PROBLEM DESCRIPTION → Lines holding the string "Leather" in the listing below are to be copied.

SOURCE MATERIAL →
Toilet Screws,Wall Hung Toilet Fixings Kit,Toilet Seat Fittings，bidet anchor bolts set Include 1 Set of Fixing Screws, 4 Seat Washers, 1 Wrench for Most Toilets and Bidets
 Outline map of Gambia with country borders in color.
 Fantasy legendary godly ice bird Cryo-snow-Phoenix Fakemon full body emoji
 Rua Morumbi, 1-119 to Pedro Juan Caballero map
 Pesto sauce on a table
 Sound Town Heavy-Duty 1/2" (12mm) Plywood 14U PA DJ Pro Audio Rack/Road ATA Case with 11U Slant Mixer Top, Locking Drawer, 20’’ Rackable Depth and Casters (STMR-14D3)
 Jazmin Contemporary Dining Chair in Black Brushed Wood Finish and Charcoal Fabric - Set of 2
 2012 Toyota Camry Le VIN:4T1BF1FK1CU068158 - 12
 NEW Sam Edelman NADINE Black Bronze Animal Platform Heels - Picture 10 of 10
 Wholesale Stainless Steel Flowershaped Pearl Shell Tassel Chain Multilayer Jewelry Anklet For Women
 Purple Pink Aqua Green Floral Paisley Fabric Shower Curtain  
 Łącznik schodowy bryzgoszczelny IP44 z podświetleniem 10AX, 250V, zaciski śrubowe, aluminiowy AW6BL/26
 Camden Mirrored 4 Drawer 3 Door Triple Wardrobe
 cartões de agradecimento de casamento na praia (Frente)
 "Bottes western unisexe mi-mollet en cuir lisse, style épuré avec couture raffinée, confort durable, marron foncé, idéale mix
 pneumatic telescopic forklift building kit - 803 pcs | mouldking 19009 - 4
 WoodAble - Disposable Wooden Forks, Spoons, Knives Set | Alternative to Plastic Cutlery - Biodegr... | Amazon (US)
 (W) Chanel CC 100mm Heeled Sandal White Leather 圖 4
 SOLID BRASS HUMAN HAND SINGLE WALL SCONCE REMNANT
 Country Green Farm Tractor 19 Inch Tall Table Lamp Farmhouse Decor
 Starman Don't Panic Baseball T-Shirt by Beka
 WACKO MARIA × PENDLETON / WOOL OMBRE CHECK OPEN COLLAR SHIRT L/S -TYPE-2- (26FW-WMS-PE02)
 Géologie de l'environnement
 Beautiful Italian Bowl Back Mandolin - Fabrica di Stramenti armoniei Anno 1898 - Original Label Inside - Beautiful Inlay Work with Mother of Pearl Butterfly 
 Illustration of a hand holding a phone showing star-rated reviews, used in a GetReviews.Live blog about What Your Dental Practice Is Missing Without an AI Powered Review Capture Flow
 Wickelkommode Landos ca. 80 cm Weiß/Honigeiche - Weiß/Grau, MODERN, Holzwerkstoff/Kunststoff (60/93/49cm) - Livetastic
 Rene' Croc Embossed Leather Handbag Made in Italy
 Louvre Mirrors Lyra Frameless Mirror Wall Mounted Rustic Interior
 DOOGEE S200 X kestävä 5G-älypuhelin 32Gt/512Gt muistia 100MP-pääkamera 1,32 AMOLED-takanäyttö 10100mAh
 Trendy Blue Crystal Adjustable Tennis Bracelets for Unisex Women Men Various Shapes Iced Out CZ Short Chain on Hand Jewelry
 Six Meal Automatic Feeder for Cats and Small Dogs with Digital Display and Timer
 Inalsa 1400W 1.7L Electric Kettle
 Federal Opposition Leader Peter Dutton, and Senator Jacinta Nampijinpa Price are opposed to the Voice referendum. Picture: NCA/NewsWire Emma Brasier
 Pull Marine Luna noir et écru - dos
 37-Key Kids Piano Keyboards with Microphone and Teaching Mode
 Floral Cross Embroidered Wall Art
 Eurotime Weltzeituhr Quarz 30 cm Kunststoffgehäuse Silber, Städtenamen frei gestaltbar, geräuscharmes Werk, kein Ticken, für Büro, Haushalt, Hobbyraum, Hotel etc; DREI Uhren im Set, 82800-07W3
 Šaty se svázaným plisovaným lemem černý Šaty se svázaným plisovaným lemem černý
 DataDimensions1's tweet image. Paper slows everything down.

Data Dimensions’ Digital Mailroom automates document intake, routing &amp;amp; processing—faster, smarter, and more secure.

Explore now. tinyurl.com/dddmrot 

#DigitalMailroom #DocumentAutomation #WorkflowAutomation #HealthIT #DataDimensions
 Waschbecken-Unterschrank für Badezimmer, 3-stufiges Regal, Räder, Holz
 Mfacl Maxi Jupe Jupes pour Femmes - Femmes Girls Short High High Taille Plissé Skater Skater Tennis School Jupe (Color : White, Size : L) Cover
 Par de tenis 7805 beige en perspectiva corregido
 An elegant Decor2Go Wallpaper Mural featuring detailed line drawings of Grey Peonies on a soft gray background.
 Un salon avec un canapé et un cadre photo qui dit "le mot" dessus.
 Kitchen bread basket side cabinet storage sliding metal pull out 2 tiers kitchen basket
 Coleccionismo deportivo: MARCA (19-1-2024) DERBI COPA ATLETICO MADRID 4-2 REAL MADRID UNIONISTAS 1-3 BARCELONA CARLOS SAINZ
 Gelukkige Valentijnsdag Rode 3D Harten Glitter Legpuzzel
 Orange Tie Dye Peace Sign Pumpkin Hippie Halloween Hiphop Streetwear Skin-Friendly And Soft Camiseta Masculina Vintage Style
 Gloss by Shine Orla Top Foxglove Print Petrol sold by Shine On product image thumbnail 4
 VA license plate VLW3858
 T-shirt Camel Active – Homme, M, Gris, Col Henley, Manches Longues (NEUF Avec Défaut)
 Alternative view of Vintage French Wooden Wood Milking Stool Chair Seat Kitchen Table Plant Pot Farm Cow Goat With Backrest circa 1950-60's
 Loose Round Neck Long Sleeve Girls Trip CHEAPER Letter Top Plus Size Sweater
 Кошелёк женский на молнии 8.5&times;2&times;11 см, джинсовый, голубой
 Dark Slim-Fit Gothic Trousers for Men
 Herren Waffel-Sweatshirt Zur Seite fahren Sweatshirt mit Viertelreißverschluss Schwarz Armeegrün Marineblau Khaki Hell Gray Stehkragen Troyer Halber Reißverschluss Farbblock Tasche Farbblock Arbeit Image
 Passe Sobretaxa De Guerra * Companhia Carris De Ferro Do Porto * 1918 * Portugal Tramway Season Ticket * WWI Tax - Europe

REPLY →
 (W) Chanel CC 100mm Heeled Sandal White Leather 圖 4
 Rene' Croc Embossed Leather Handbag Made in Italy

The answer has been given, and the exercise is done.